Companies need financing for their projects and businesses or to carry out the operations or expansion. They have two different options:
- Borrow money from financial institutions like banks
- Listing on Stock Market
Since the borrowing money from banks or other financial institution, would put pressure on business as they have to pay the higher interests as well as the principal amount, hence the companies chooses the second way to list on Stock Market and generate finances.
Companies list their shares on Stock Market in the form of IPO (Initial Public Offerings). Investors or traders subscribe to that IPO and shares are transferred by the company to the investors at the subscription price. In this way company gets the zero interest finances by releasing their shares in Primary market.
Companies get their finances against the shares issued by them. Now these previously issued shares are traded in Secondary market among investors and traders without the involvement of the issuing companies.
How Stock trades and how does the price movement takes place?
Stock trades on Stock market with the basic fundamental of Supply and Demand. If Supply is higher than Demand then the stock price moves down and if the Demand is higher than supply then the stock prices moves up.

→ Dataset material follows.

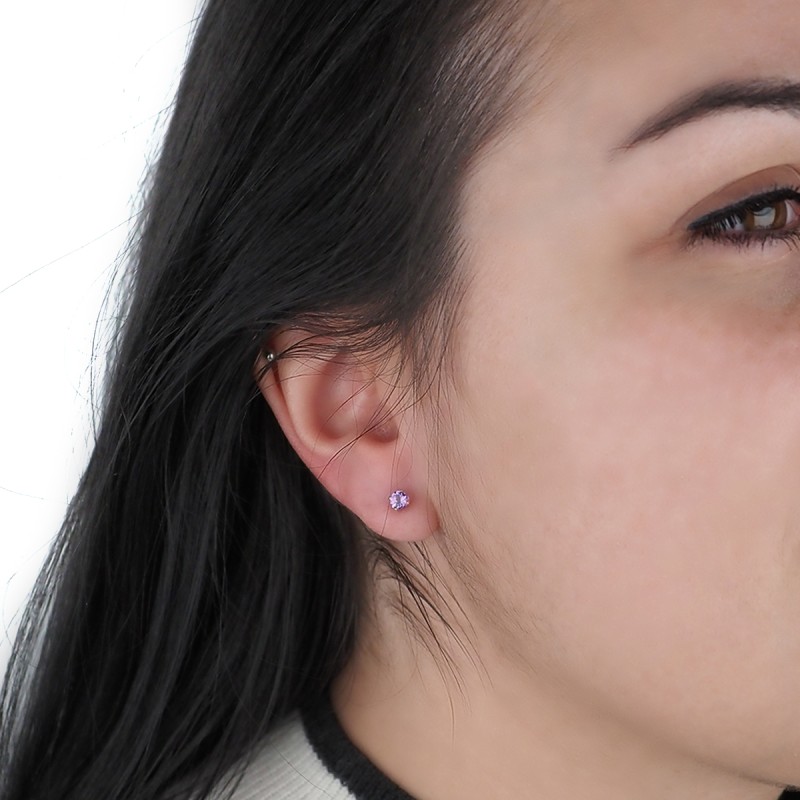 Boucles d'oreilles clous Carador or jaune 375/000 et amethyste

Supply and Demand are investors and traders psychology and it depends on what an investor or a trader thinks for the company. Mainly the stock prices are directly dependent on following attributes:
- Earnings: Company’s worth depends on what does it earns? What are it’s revenues and profits? What’s on their balance sheets? A company having higher revenues and earnings would definitely see more demand and hence supply would go short, which would result in share price hike.

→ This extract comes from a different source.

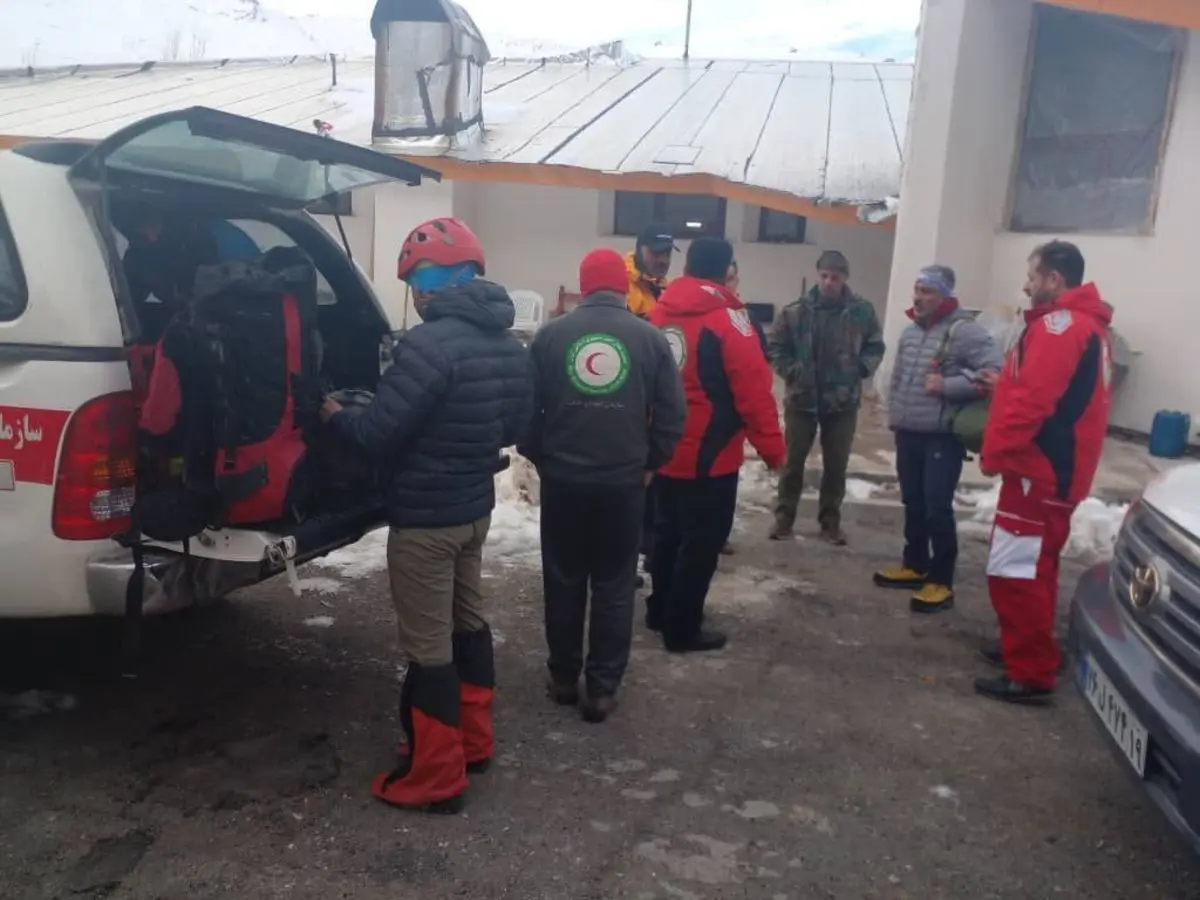   ۹ نفر از کوهنوردان گرفتار در ارتفاعات دیزین نجات یافتند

- External factors: External factors like dollar prices, gold prices, oil prices, raw material prices, etc. plays an important role on company stock prices. For eg. IT companies share prices would increase by increase in Dollar prices, if they are involved in exports. Higher the dollar prices, higher would be their earnings in local currency and hence higher demand and hike in its share prices. Same way, decrease in Dollar prices would decrease their earnings and hence lower earnings. Same way the companies, which are involved in imports, would be dependent on dollar prices in opposite way i.e. by increase in Dollar prices, cost of their raw material increases and hence their profit margin decreases, which would decrease their demand.

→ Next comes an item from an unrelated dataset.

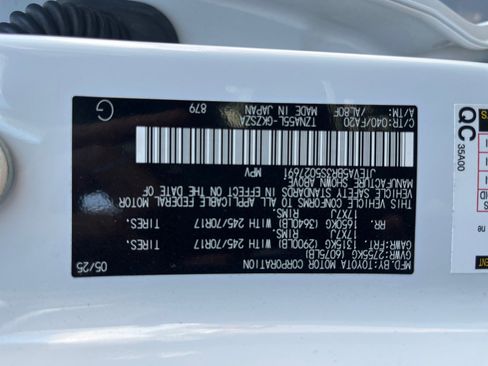 Used 2025 Toyota 4Runner SR5 AWD/4WD image 32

- Interest Rates: Interest rate is an important factor in economy. Decrease in interest rates may provide liquidity in market and hence banking sector, automobile sector and real estate sector’s share prices would increase and vice versa.
There are thousands of attributes that affects the psychology of investors or traders towards a company and hence share prices would be dependent on all those attributes. So, in short, Share prices depend on Psychology of the investors and traders.
Which company is bigger? Does it depend on Company’s share prices?
No, two different companies can’t be compared on share prices. Company with share price of Rs.50 can be much bigger than another company with share price of Rs.200. It depends on Market capitalization.
Market Capitalization of a company = Company’s Share price X No. of shares allotted.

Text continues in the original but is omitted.